Nowhere is that more obvious than in the energy arena. By and large, the business community wants less regulation because compliance can cost a company a lot of money. Excessive regulation can make certain activities uneconomical. Social activists and environmentalists, on the other hand, typically want the government to step in and control activities they think are detrimental to the health and well-being of the public regardless of its impact on business.

As federal regulations on energy expand, two PhDs with the Pacific Research Institute recently studied this geographic bias and have written an energy study that attempts to measure attitudes toward regulation in each of the 50 US states. "The 50 State Index of Energy Regulation" by Wayne Winegarden and Mark A. Miles measures the regulatory climate for energy production, distribution, and consumption and which states are more economically efficient. Alabama, Alaska, South Dakota, and Texas are tied for the best (#1), while California (#49) and New York (#50) are at the bottom.

"As economists, we have adopted a basic economic perspective - economic efficiency - defined as allocating resources to their most productive uses," says Winegarden. "The effects of policies are evaluated as objectively as possible, solely from that perspective. Policies that promote economic efficiency receive higher scores; those that reduce economic efficiency receive lower scores."

Examining the regulatory variation across states determines where in the country the regulatory environment is optimal. "This economic efficiency approach supplies a useful perspective on state energy regulations," adds Miles. "It also provides an important contribution to uncovering what data exist for defining and measuring the relative regulatory implications across the states."

The PRI's Index based its conclusions on seven component indices or sets of questions that form the core of the Index scoring and rankings. The lower the score, the more economically efficient it is. A higher score means less efficiency.

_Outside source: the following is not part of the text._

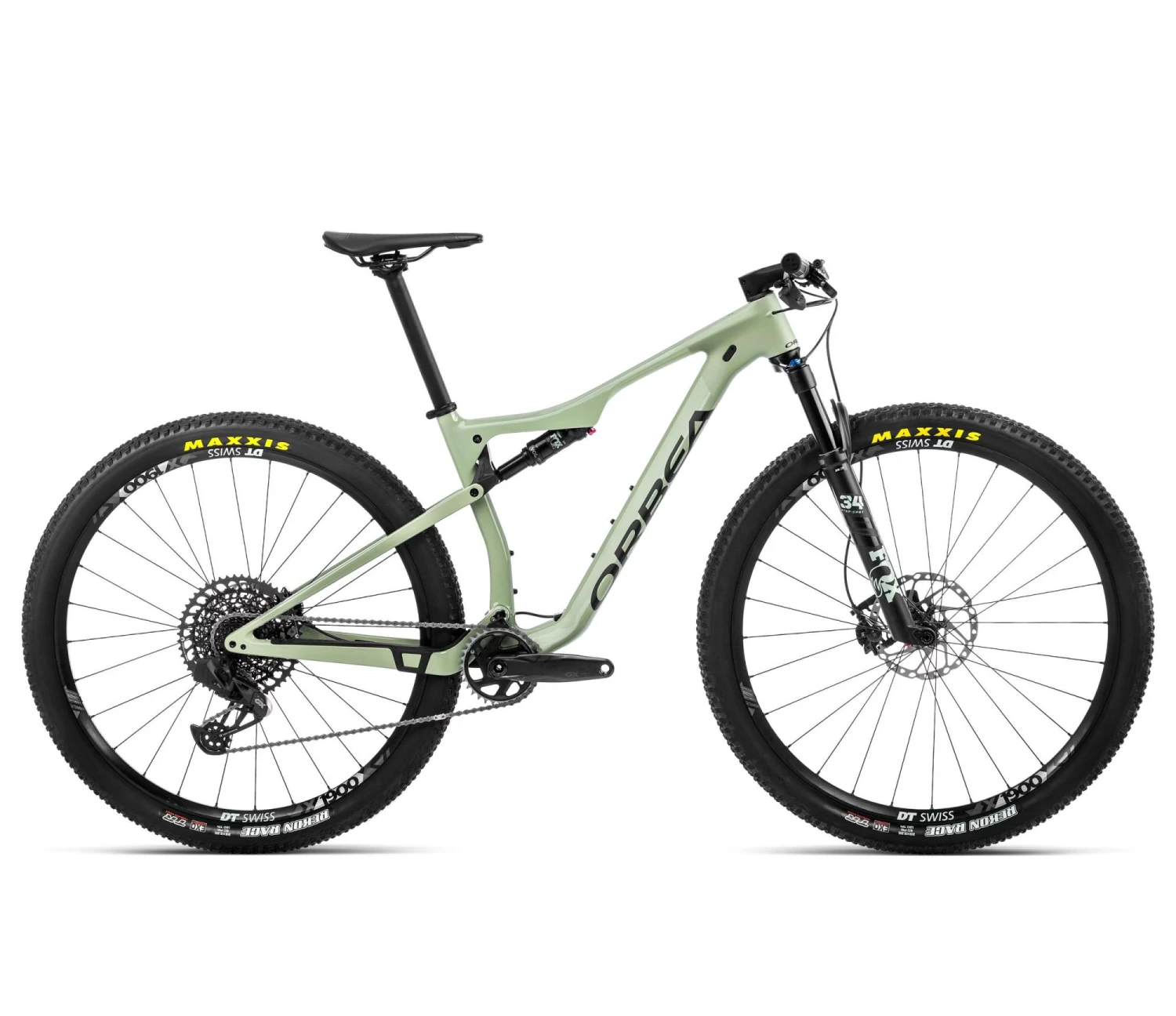 Orbea Oiz M11 AXS 2022 3 Orbea Oiz M11 AXS 2022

Here are the states with the top scores with respect to energy regulation:

  • Alabama - Rank 1
  • Alaska - Rank 1
  • South Dakota - Rank 1
  • Texas - Rank 1
  • Delaware - Rank 5
  • North Dakota - Rank 6
  • Georgia - Rank 7
  • Kansas - Rank 7
  • Missouri - Rank 7

The lowest-scoring states on energy regulation, according to Winegarden and Miles:

  • New York - Rank 50
  • California - Rank 49
  • Wisconsin - Rank 48
  • Connecticut - Rank 47
  • Maryland - Rank 46
  • Washington - Rank 44
  • Michigan - Rank 44
  • New Jersey - Rank 43

Several patterns emerge from the overall index, according to the authors. First, there is little relationship between whether a state has substantial energy resources like oil, gas, and coal, and whether its regulations are economically efficient. Some big-producing states like Texas and Alaska are ranked at the very top, yet California, another major energy-producing state, is at the very bottom.

However, a geographic pattern is visible, as mentioned and some regions have regulatory environments more conducive to efficient allocation in production and consumption of energy.

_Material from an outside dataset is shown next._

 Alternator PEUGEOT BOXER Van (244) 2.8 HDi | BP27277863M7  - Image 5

The most interesting relationship is between a state's ranking and its economic growth rate. High ranked states on average grow faster than those ranked low. Moreover, the higher rate of economic growth is associated with faster economic growth. Energy regulation can, therefore, be an important factor in determining the eventual prosperity of a state, say the authors.

The oil and gas industry has been fighting excessive regulation for decades. The Independent Petroleum Producers Association has been leading the charge in North America. Swift Energy president Bruce Vincent recently sent out a letter on behalf of the IPAA Wildcatters Fund, which contributes to pro-business, pro-industry candidates for public office. In the letter, Vincent said, "A constant stream of ill-conceived, and often redundant, regulations continue to create an atmosphere of uncertainty across the country. Despite the tremendous success of independent producers on private lands, regulatory uncertainty has hindered the true economic potential of America's energy renaissance."

PwC, in its recent Annual Global CEO Survey, found that 83% of energy CEOs are concerned that over-regulation could put the brakes on economic growth. Yet the same survey showed that 88% of energy CEOs are somewhat or very confident of growth during the next three years. Of those CEOs, 56% said they plan to increase their employee headcount, 29% say it will remain approximately the same, and only 15% say they expect to lay off employees. So there appears to be optimism in the industry despite a more challenging regulatory environment.